Training a Model

  1. Decide what model you want to use.

    Each model has a different set of pros and cons that define the run-time efficiency and the voice quality. It is up to you to decide what model servers your needs. Other than referring to the papers, one easy way is to test the 🐸TTS community models and see how fast and good each of the models. Or you can start a discussion on our communication channels.

  2. Understand the configuration class, its fields and values of your model.

    For instance, if you want to train a Tacotron model then see the TacotronConfig class and make sure you understand it.

  3. Go to the recipes and check the recipe of your target model.

    Recipes do not promise perfect models but they provide a good start point for Nervous Beginners. A recipe script training a GlowTTS model on LJSpeech dataset looks like below. Let’s be creative and call this script train_glowtts.py.

    # train_glowtts.py
    
    import os
    
    from TTS.tts.configs import GlowTTSConfig
    from TTS.tts.configs import BaseDatasetConfig
    from TTS.trainer import init_training, Trainer, TrainingArgs
    
    
    output_path = os.path.dirname(os.path.abspath(__file__))
    dataset_config = BaseDatasetConfig(name="ljspeech", meta_file_train="metadata.csv", path=os.path.join(output_path, "../LJSpeech-1.1/"))
    config = GlowTTSConfig(
        batch_size=32,
        eval_batch_size=16,
        num_loader_workers=4,
        num_eval_loader_workers=4,
        run_eval=True,
        test_delay_epochs=-1,
        epochs=1000,
        text_cleaner="english_cleaners",
        use_phonemes=False,
        phoneme_language="en-us",
        phoneme_cache_path=os.path.join(output_path, "phoneme_cache"),
        print_step=25,
        print_eval=True,
        mixed_precision=False,
        output_path=output_path,
        datasets=[dataset_config]
    )
    args, config, output_path, _, c_logger, tb_logger = init_training(TrainingArgs(), config)
    trainer = Trainer(args, config, output_path, c_logger, tb_logger)
    trainer.fit()
    

    You need to change fields of the BaseDatasetConfig to match your own dataset and then update GlowTTSConfig fields as you need.

  4. Run the training.

    You need to run the training script.

    $ CUDA_VISIBLE_DEVICES="0" python train_glowtts.py
    

    Notice that you set the GPU you want to use on your system by setting CUDA_VISIBLE_DEVICES environment variable. To see available GPUs on your system, you can use nvidia-smi command on the terminal.

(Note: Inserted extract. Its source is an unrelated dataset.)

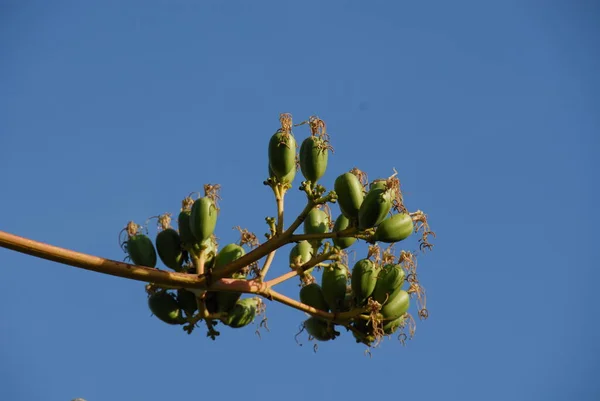 Une Branche Poirier Avec Une Jeune Plante — Photo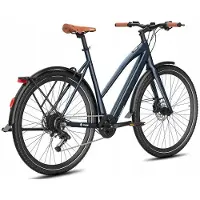 Fafrees Elektrisch voertuig - - F700M - 36V10Ah - 100 km actieradius - 250W achtermotor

    If you like to run a multi-gpu training using DDP back-end,

    $ CUDA_VISIBLE_DEVICES="0, 1, 2" python TTS/bin/distribute.py --script <path_to_your_script>/train_glowtts.py
    

    The example above runs a multi-gpu training using GPUs 0, 1, 2.

    The beginning of a training run looks like below.

    > Experiment folder: /your/output_path/-Juni-23-2021_02+52-78899209
    > Using CUDA:  True
    > Number of GPUs:  1
    > Setting up Audio Processor...
    | > sample_rate:22050
    | > resample:False
    | > num_mels:80
    | > min_level_db:-100
    | > frame_shift_ms:None
    | > frame_length_ms:None
    | > ref_level_db:20
    | > fft_size:1024
    | > power:1.5
    | > preemphasis:0.0
    | > griffin_lim_iters:60
    | > signal_norm:True
    | > symmetric_norm:True
    | > mel_fmin:0
    | > mel_fmax:None
    | > spec_gain:20.0
    | > stft_pad_mode:reflect
    | > max_norm:4.0
    | > clip_norm:True
    | > do_trim_silence:True
    | > trim_db:45
    | > do_sound_norm:False
    | > stats_path:None
    | > base:10
    | > hop_length:256
    | > win_length:1024
    | > Found 13100 files in /your/dataset/path/ljspeech/LJSpeech-1.1
    > Using model: glow_tts
    
    > Model has 28356129 parameters
    
    > EPOCH: 0/1000
    
    > DataLoader initialization
    | > Use phonemes: False
    | > Number of instances : 12969
    | > Max length sequence: 187
    | > Min length sequence: 5
    | > Avg length sequence: 98.3403500655409
    | > Num. instances discarded by max-min (max=500, min=3) seq limits: 0
    | > Batch group size: 0.
    
    > TRAINING (2021-06-23 14:52:54)
    
    --> STEP: 0/405 -- GLOBAL_STEP: 0
        | > loss: 2.34670
        | > log_mle: 1.61872
        | > loss_dur: 0.72798
        | > align_error: 0.52744
        | > current_lr: 2.5e-07
        | > grad_norm: 5.036039352416992
        | > step_time: 5.8815
        | > loader_time: 0.0065
    ...
    
  5. Run the Tensorboard.

    $ tensorboard --logdir=<path to your training directory>
    
  6. Check the logs and the Tensorboard and monitor the training.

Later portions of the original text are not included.